Fourth, strengthening financial sector oversight is also critical. Despite reforms undertaken in recent years, prudential controls remain only partly effective in most Maghreb countries. The overall weakness of financial sector supervision is reflected in a low degree of observance of relevant international standards and codes, in some countries. Countries should also strive at implementing the Basel III rules as Morocco plans to do in the near future.

Fifth, there is also a need to upgrade financial sector infrastructure in most countries. In particular, accounting and auditing practices, transparency and governance, the legal and judicial frame-work, and the payment systems need to be strengthened.

Sixth, all Maghreb countries should double their efforts to improve access to financing and make it available to a larger part of the population and investors paying careful attention to reducing regional disparities.

Finally, Islamic finance has a significant potential in the region and should be promoted, but special attention should be paid to ensuring that prudential norms are respected.

Regional financial integration

So far, only limited actions and progress has been achieved within the Maghreb region toward financial integration. A 1991 agreement among the five central banks on payment systems has not been implemented by all the countries, although few bilateral agreements between central banks have been reached. More recently, a long-awaited decision was taken to start a Maghreb investment bank. The recent interest in reinvigorating regional cooperation is therefore very welcome and would benefit all the countries.

While there is no blueprint on how best to achieve regional integration, useful lessons can still be learned from other experiences, particularly that of the European Union (EU) and Gulf Cooperation Council (GCC) countries. These lessons would include: adopting a gradual approach; consolidating macroeconomic stability in all the countries; strengthening financial markets; harmonizing rules and regulations; improving regional coordination; and lifting restrictions on cross border flows of goods and services.

Among the key steps that need to be taken toward financial integration are the following: implementing the necessary reforms in each country, harmonizing regulatory and supervisory frameworks, harmonization of financial contracts and standardization of financial information would help financial deepening and financial integration, harmonizing payment systems, facilitating trade financing, and proceeding with the establishment of the Maghreb Bank for Investment and Foreign Trade (BMICE). The BMICE could serve as a catalyst to financial integration and promote trade and investment within the region.

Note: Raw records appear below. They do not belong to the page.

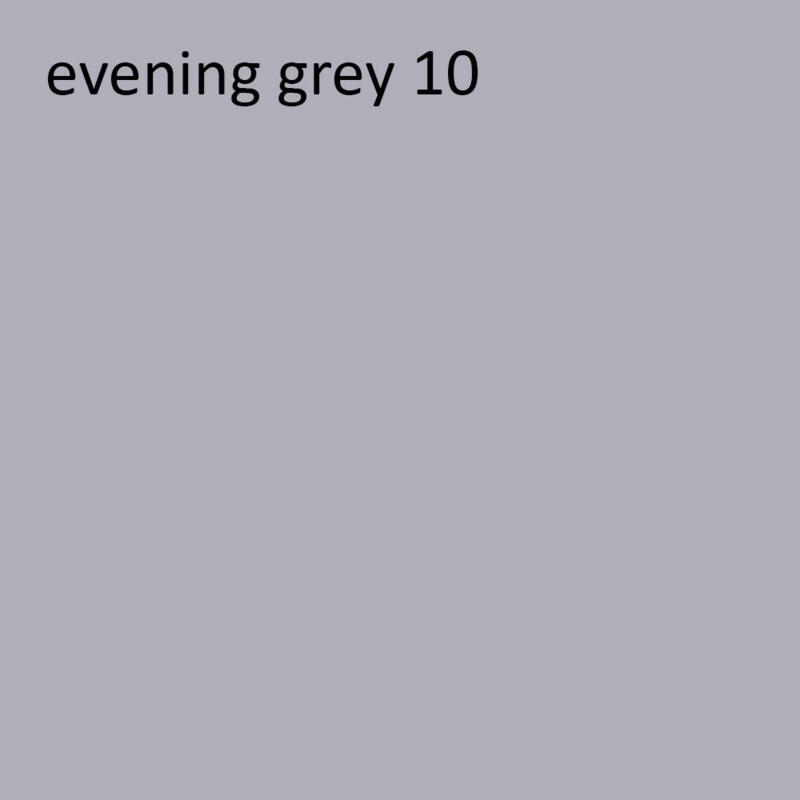 Glansmaling nr. 516 - evening grey 10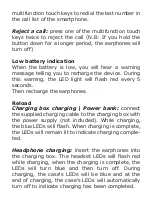 Preview for 17 page of Techmade H21T User Manual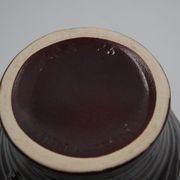 Vintage Fat Lava Germany ceramic vase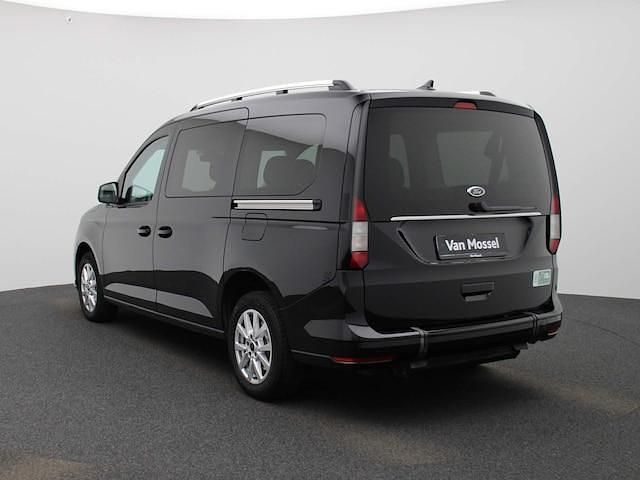 Occasion Ford Tourneo Trend 122 PK (89 kW) 2023 Zwart Van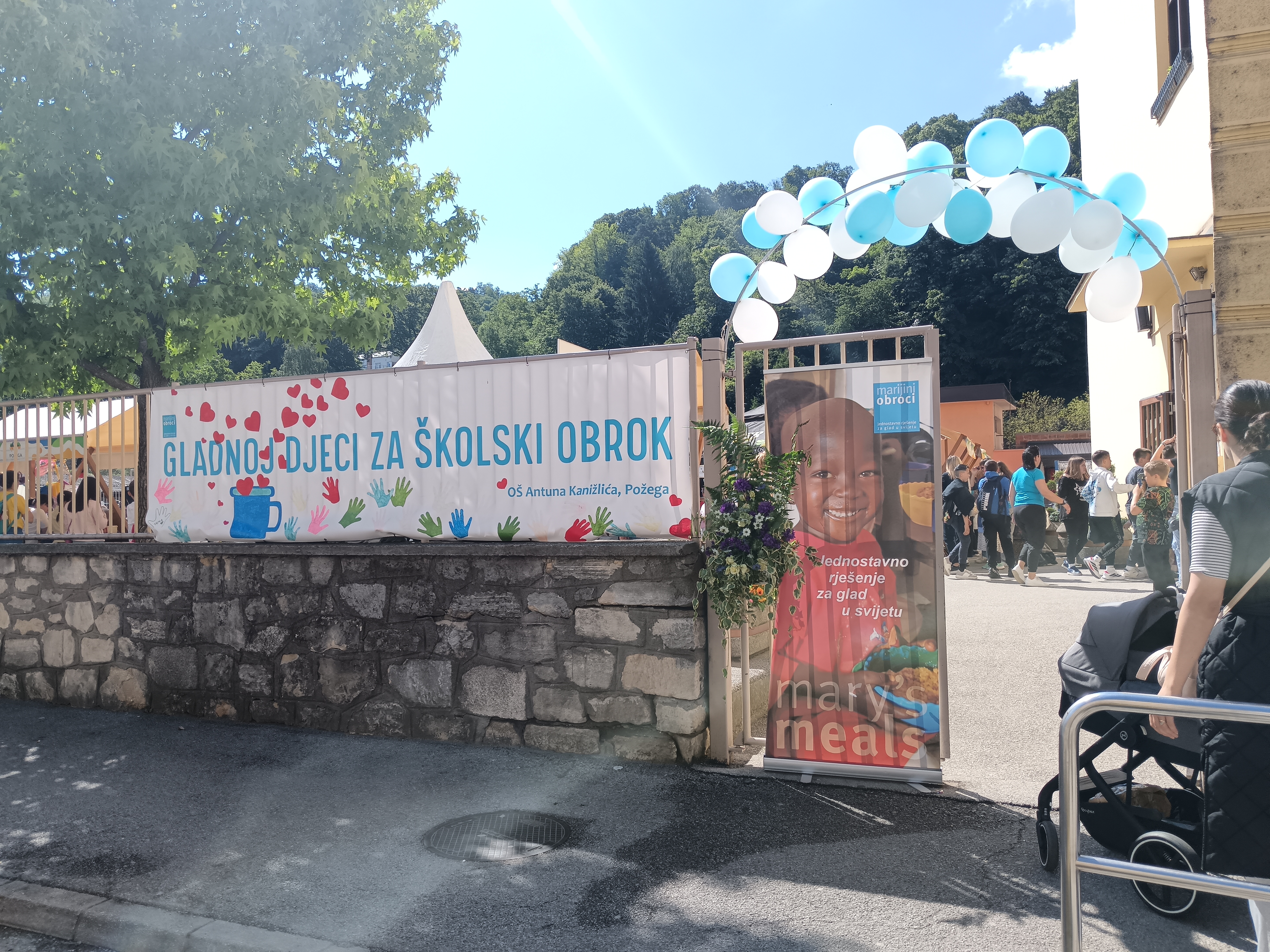 POSJET KORISNIKA SAJMU " MARIJINI OBROCI"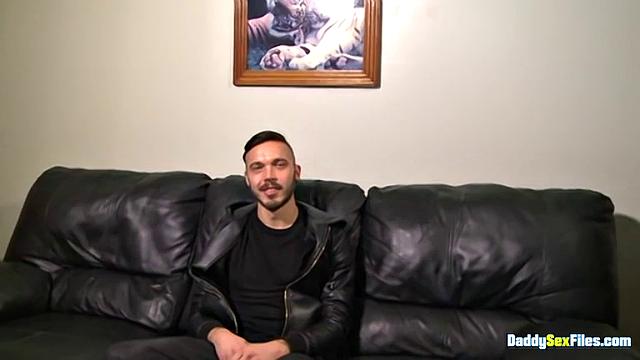 Christopher Mayer Enjoys Hot Uncut Russian Cock!
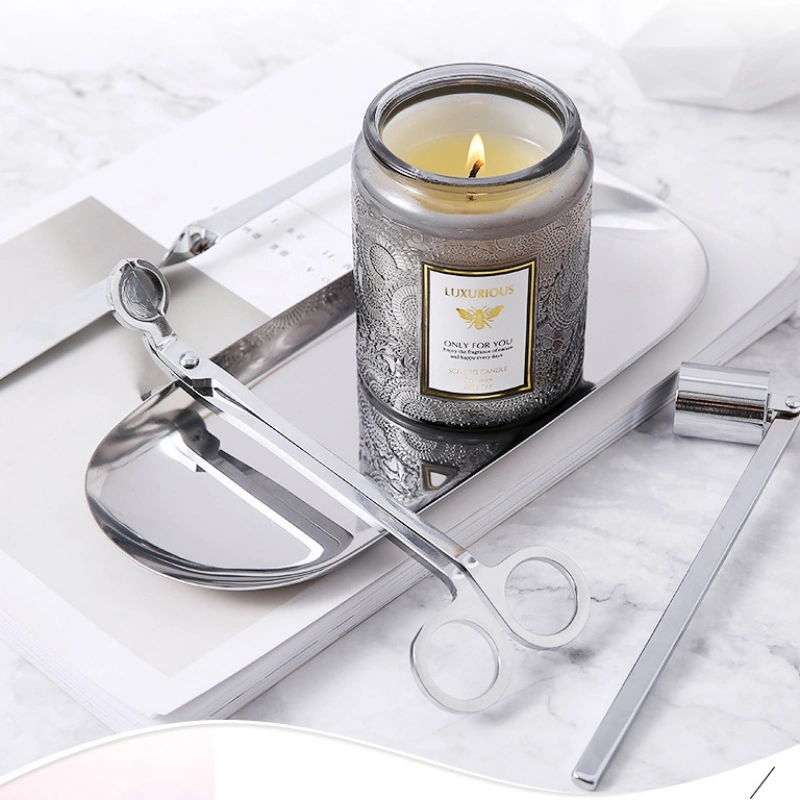 Home decor scented candle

In 2006 a high-level regional Maghreb conference held in Rabat focused on financial reforms and integration and adopted an action plan to promote regional integration along the above mentioned lines. However, so far only limited progress has been made. It is thus urgent for the Maghreb countries to revive, update and implement this action plan, which remains valid.

Conclusion

In conclusion, following the “Arab Spring”, the Maghreb region, like other parts of the Middle East and North Africa, still faces a daunting challenge: how to create enough jobs so as to reduce substantially the high unemployment rate, especially among the youth. Meeting this challenge will require achieving a significantly higher and more inclusive economic growth. To this end, the region will need to accelerate reforms that will bring about considerably higher productive investment. The reforms must include further financial development and deepening, as well as regional integration within the Maghreb Block.